▸ **Scraped caption text data**

□ □ □ □ □

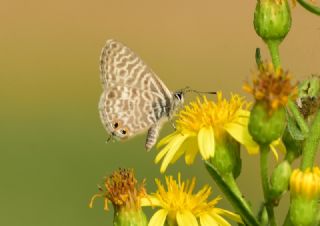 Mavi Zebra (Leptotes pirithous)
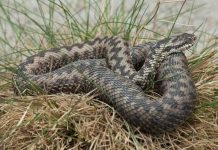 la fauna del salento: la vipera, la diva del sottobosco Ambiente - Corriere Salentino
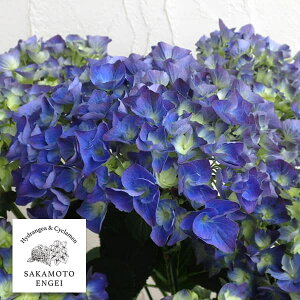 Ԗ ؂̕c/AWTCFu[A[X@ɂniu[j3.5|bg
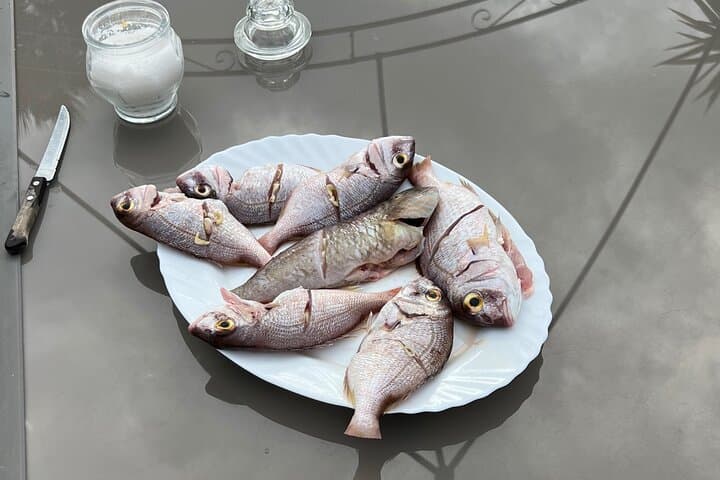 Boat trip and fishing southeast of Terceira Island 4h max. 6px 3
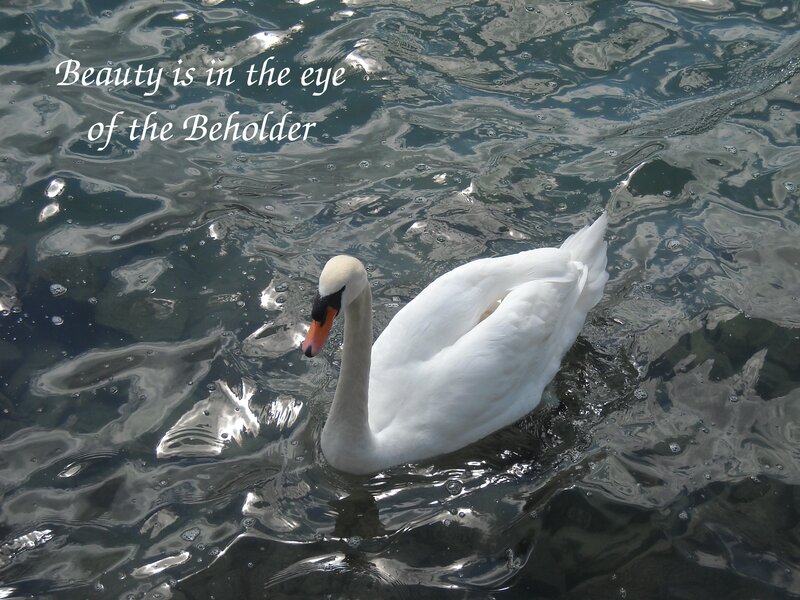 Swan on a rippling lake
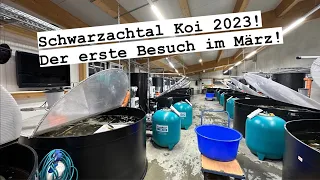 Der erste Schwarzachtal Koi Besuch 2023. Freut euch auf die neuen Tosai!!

□ □ □ □ □

▸ **TO DO**
Will you restate every entry word for word and omit the images?

▸ **TASK SOLUTION**
 Mavi Zebra (Leptotes pirithous)
 la fauna del salento: la vipera, la diva del sottobosco Ambiente - Corriere Salentino
 Ԗ ؂̕c/AWTCFu[A[X@ɂniu[j3.5|bg
 Boat trip and fishing southeast of Terceira Island 4h max. 6px 3
 Swan on a rippling lake
 Der erste Schwarzachtal Koi Besuch 2023. Freut euch auf die neuen Tosai!!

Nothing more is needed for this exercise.